**Stored data:**
================
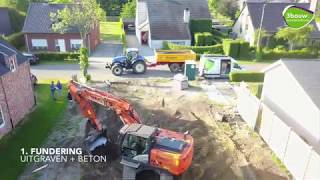 3bouw Houtskeletbouw  Kort overzicht van start tot oplevering [upl. by Switzer391]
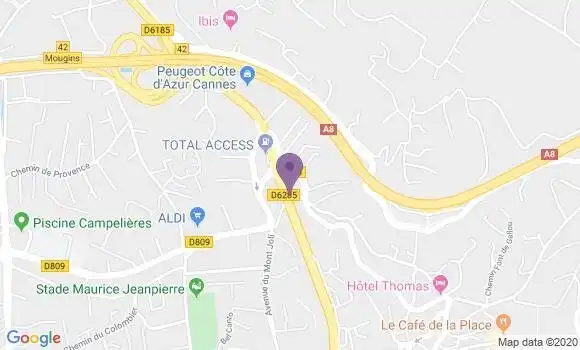 Localisation Bracco Philippe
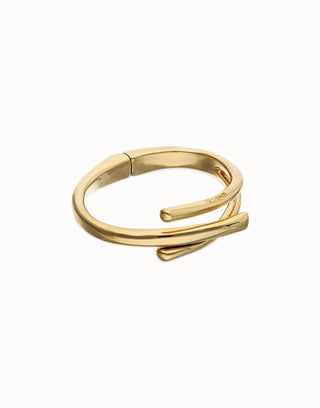 Unode50 Gold Plated Intertwined Bangle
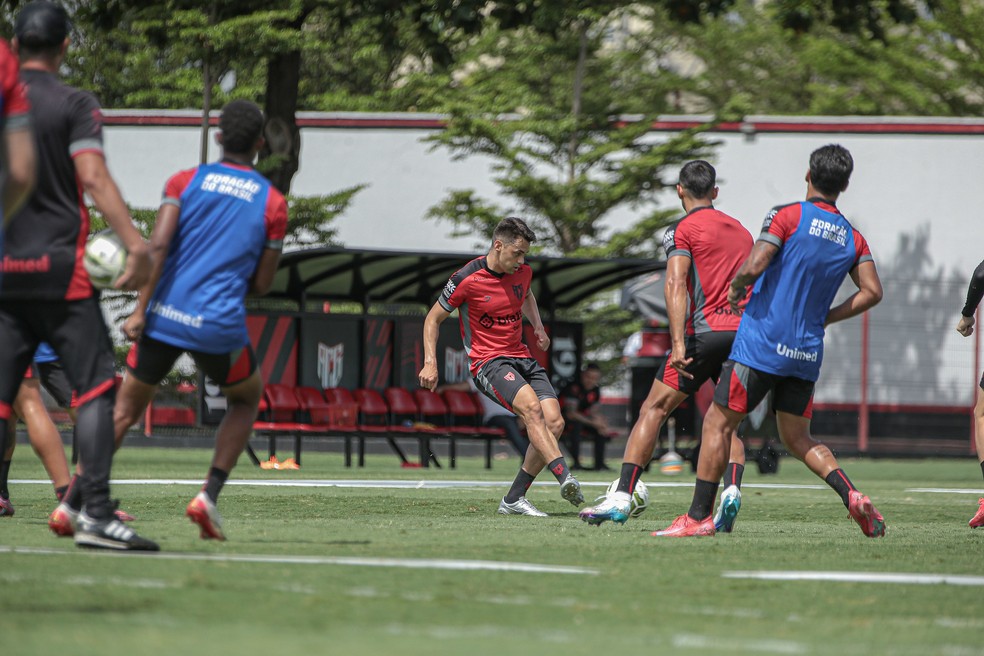Atlético-GO se prepara para a estreia no Goianão 2026 — Foto: Bruno Corsino/ACG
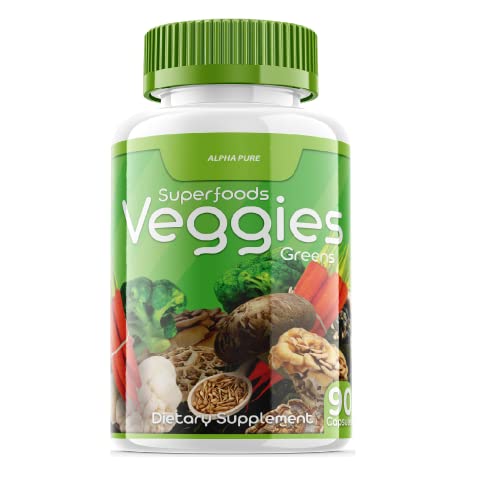 90 Capsules Each Bottle 540 Capsules superfoods Veggies Greens and Reds Fruits Triple Alpha PureUS supplements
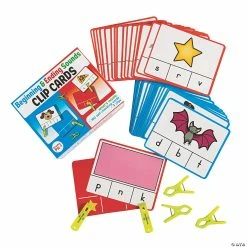 Cheap ⌛ Beginning & Ending Sounds Clip Cards ⭐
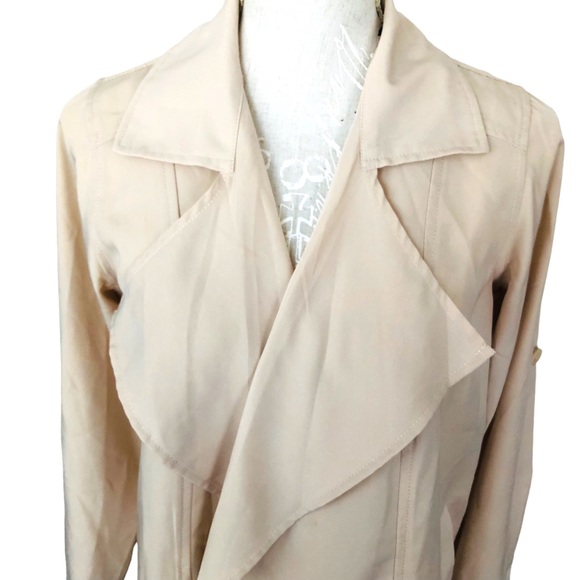 JOAN RIVERS Lightweight Cascade Blazer Layering Jacket Cream Light Beige XS - Picture 7 of 11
================
**Directions:**
Write out the data exactly, but not its pictures.

**Output for this task:**
 3bouw Houtskeletbouw  Kort overzicht van start tot oplevering [upl. by Switzer391]
 Localisation Bracco Philippe
 Unode50 Gold Plated Intertwined Bangle
Atlético-GO se prepara para a estreia no Goianão 2026 — Foto: Bruno Corsino/ACG
 90 Capsules Each Bottle 540 Capsules superfoods Veggies Greens and Reds Fruits Triple Alpha PureUS supplements
 Cheap ⌛ Beginning & Ending Sounds Clip Cards ⭐
 JOAN RIVERS Lightweight Cascade Blazer Layering Jacket Cream Light Beige XS - Picture 7 of 11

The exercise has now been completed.